A major focus of our work at Friends is identifying and fixing the problems that make the river and its surrounding habitat less healthy. Invasive plant species are a big problem for the river! The invasive plants that Friends of the Verde River works to remove include salt cedar, Russian olive, giant reed, and tree of heaven.

Invasive plants come from places where different factors like soils, amount of sunlight, and common animal species are different from the conditions we have here in the Verde River system. They can cause many issues as they grow and alter their surroundings to be more like where they came from. For example, an invasive plant can make changes to the soil it grows in, which can make that soil less fertile for our native species. And since our native species of animals depend on our native species of plants, if local soils are altered by invasive species to the point where native plants struggle to grow, we see fewer of our native animal species as a result. Changes to soils can result in more small pieces of soil, called sediment, entering the river, which clogs up the waterways, posing danger to fish and other animals, as well as creating problems for the drinking water supply. 

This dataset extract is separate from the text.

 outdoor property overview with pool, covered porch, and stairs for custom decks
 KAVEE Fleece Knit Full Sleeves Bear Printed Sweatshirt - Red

When invasive plants grow along the river, they change how things work in the river system. Native Cottonwood trees grow in an open forest, with wide-open spaces between trees. In contrast, the invasive plant giant reed grows very densely, with many plants growing very close together. This can choke up areas, leaving very little space for animals to move through the forest. Animals like bobcats, birds, beavers, and otters need this forest area to breed, find food, and access the waterways. While native Cottonwood forests create big patches of shade, giant reed, with its thin stalks, creates very little shade. A less shady river-side forest can heat up the river to dangerous temperatures harmful for fish and other aquatic life. Plus, less shade makes hot summer days harder to tolerate for wildlife and humans. These are just a few examples of how invasive plants create problems for our river and its native wildlife.

Tackling the problem of invasive species to help keep the river healthy is a big job that takes a lot of planning and support. Friends work with partners to monitor invasive species of plants along the river. During the monitoring seasons, field crew members use technology to mark where invasive plants are located on public and private land. Then hard-working crews remove the invasive plants. 

Here you can see some of our seasonal field technicians collecting important data on invasive species in our waterways.

Our seasonal habitat restoration field workers have made some incredible progress in preserving the health of our habitats along the Verde River and its tributaries. Recently, we completed a big project called the “The Verde River – Oak Creek Confluence Habitat Improvement Project”. The work for this project took place over two years along 4.1 miles of river, in an area covering 275 acres. 

Our Arizona Conservation Crews (AZCC) and Veteran crews removed over 13,000 giant reed stalks and approximately 7,400 tamarisk stems. They treated 30 acres of tree of heaven throughout the two-year project timeline, helping to make sure this invasive plant will not return to the area. This project provided jobs for local youth and veterans, helping to create more conservation professionals in our community. This project also included volunteer opportunities, connecting our community members to this important habitat.

We are very grateful to the Arizona Water Protection Fund for making this project possible  and allowing us to continue and expand on work in this area. Their funding allowed us to remove invasive species from this area, and it also made it possible to build landowner partnerships with Thousand Trails RV Park, Alcantara Vineyard, and other private landowners within the project area through matching funds. 

Creating a more connected community of river lovers helps us all achieve our goals of preserving a healthy, flowing Verde River. We thank the Arizona Water Protection Fund for their continued support of our work!